DETAILED ACTION
Notice of Pre-AIA or AIA Status
The present application, filed on or after March 16, 2013, is being examined under the first inventor to file provisions of the AIA .
Response to Arguments
Applicant's arguments with respect to 35 U.S.C. 101 Abstract Idea in regards to claims 1-20 have been considered, however are not found to be persuasive due to the following reasons. Examiner respectfully disagrees with the Applicant because the claims are directed to an abstract information-handling process: it receives a question, decides that outside information should be called, translates that request into the right format, gets data back, adds that data to context, and then answers the user. In everyday terms, that is close to what a human assistant could do with notes and a lookup source. Abstract ideas include “mental processes,” such as observations, evaluations, and judgments, and a claim does not become eligible just because a generic computer is used as the tool for carrying them out.

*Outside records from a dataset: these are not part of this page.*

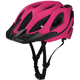 Ked fietshelm spiri ii trend l (55-61cm) - mat roze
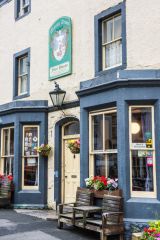 The Manor Arms, c. 1760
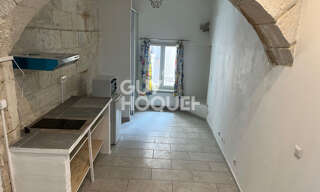 Appartement 2 Pièces 35 m² à louer à Tarascon (13150)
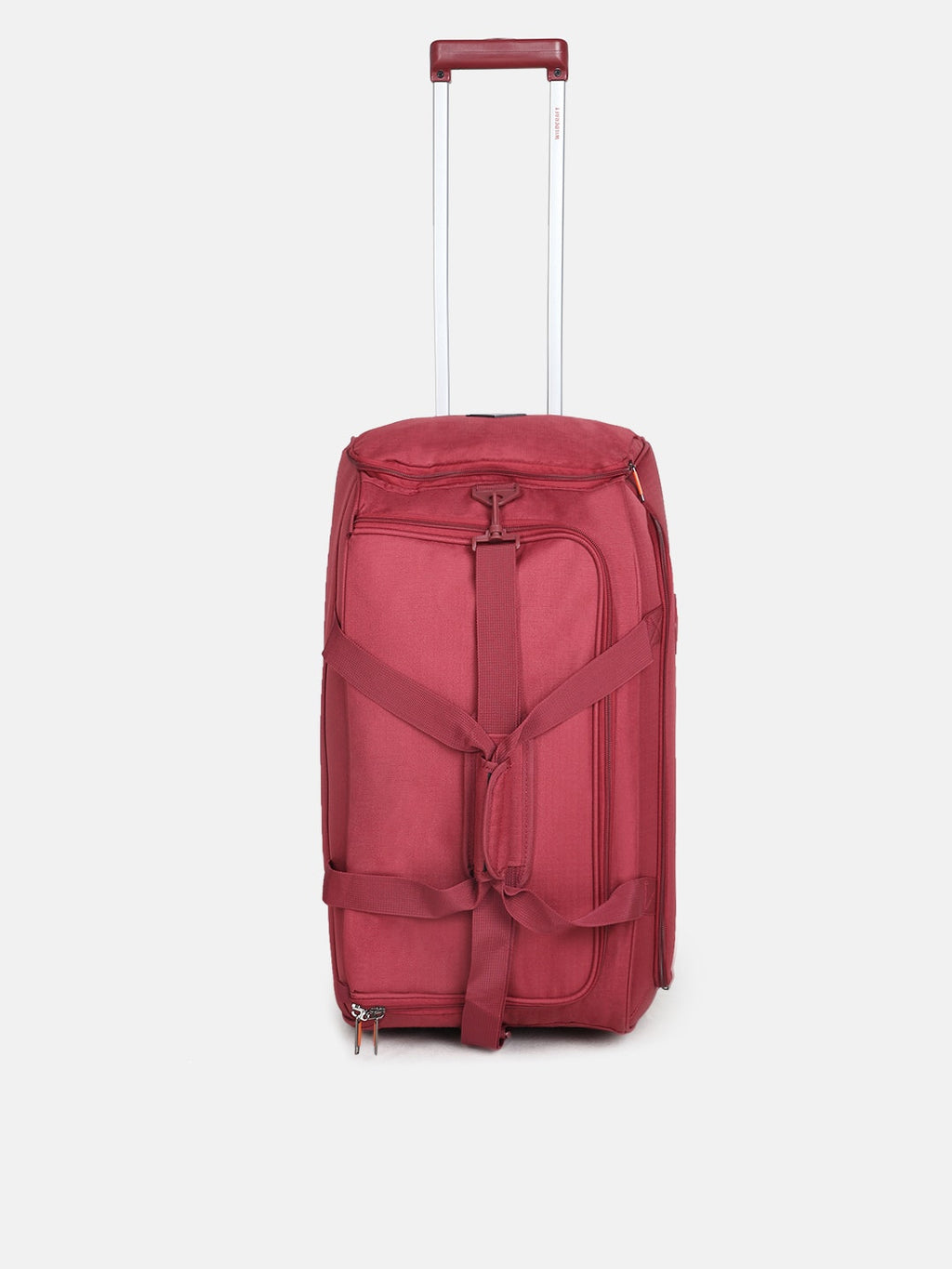 Wildcraft Atlaz (Red)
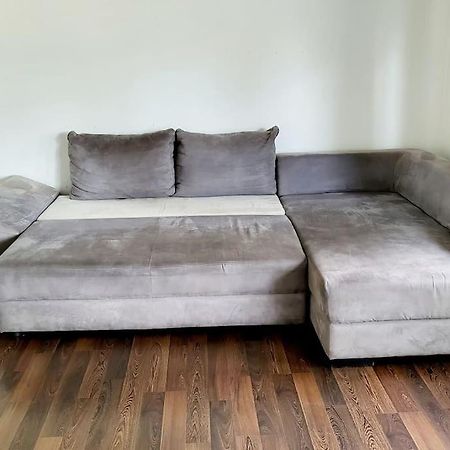 比隆Thuya Rica House别墅 外观 照片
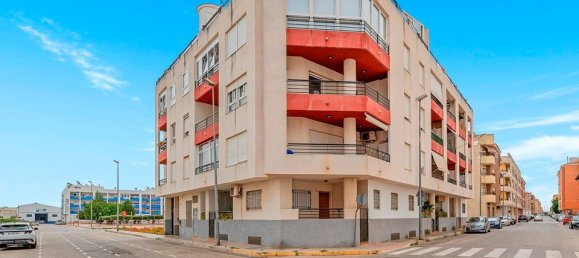 2 bedrooms Apartment in Almoradi, Spain No. 183104 26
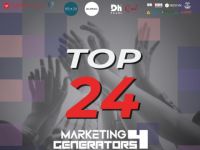 Marketing Generators mùa 4: Lộ diện Top 24 đội thi xuất sắc bước vào vòng 2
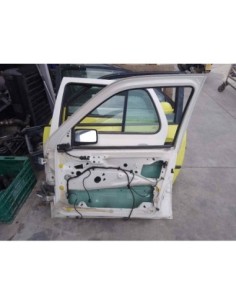PUERTA DELANTERA DERECHA VOLKSWAGEN GOLF III (1H1)(11... 2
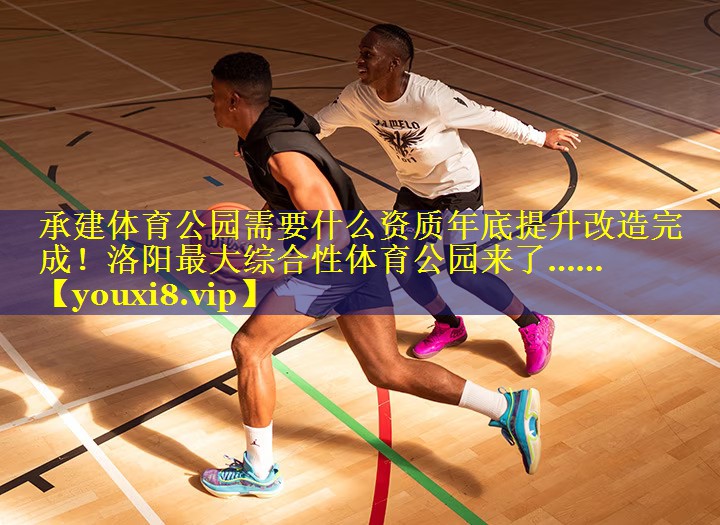 承建体育公园需要什么资质年底提升改造完成！洛阳最大综合性体育公园来了……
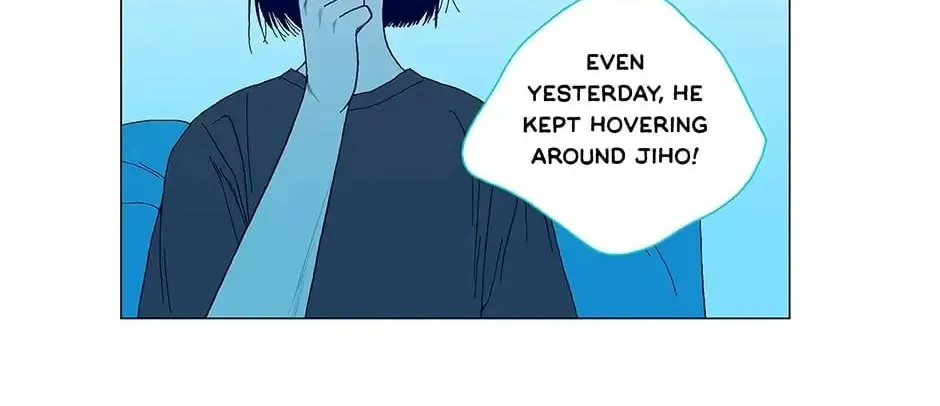Read Alien Idol chapter 120 image 43 on Lezhin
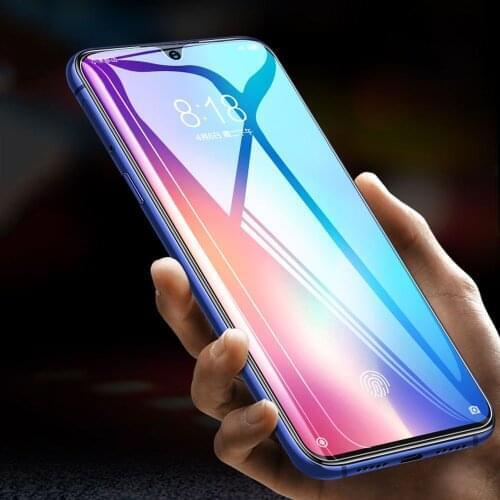 Meakar Screen Protectors For Xiaomi Mi 6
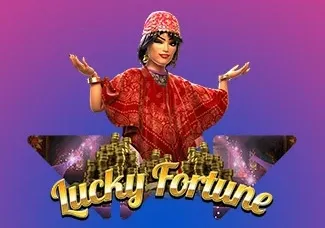Lucky Fortune game thumbnail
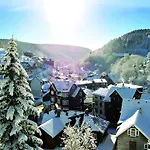 Beck Отель Лауша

The claim also does not add a specific technical improvement that would take it out of the abstract idea category. It does not explain a new language model design, a new API-conversion technique, a new memory structure for context, or any other concrete improvement in how the computer itself works. Instead, it recites broad components—“data processing hardware,” “language model,” “external data source,” and “API”—and uses them at a high level to get a result. Therefore, the rejection is maintained.
Applicant's arguments with respect to 35 U.S.C. 102 and 103 in regards to claims 1-20 have been considered but are moot due to new grounds of rejection necessitated by amendments. See detailed rejection below.
Claim Rejections - 35 USC § 101
35 U.S.C. 101 reads as follows:
Whoever invents or discovers any new and useful process, machine, manufacture, or composition of matter, or any new and useful improvement thereof, may obtain a patent therefor, subject to the conditions and requirements of this title.
Claims 1, 4-11 and 14-20 are rejected under 35 U.S.C. 101 because the claimed invention is directed to a judicial exception (i.e., a law of nature, a natural phenomenon, or an abstract idea) without significantly more.
Claims 1 and 11 are directed to the abstract idea. The claim recites a series of steps for receiving a user query, analyzing the query using a language model, determining whether to invoke an external data source, retrieving data, updating a conversational context, and generating a response. These steps collectively describe the abstract concept of processing information to respond to a request, including decision-making, information retrieval, and presentation of results. Such operations fall within well-recognized abstract idea groupings, including mental processes (e.g., evaluating a query and determining whether to call an external source) and methods of organizing and using information. The claim is drafted at a high level of abstraction and focuses on the result of responding to a user query, rather than on a specific technical means for achieving that result.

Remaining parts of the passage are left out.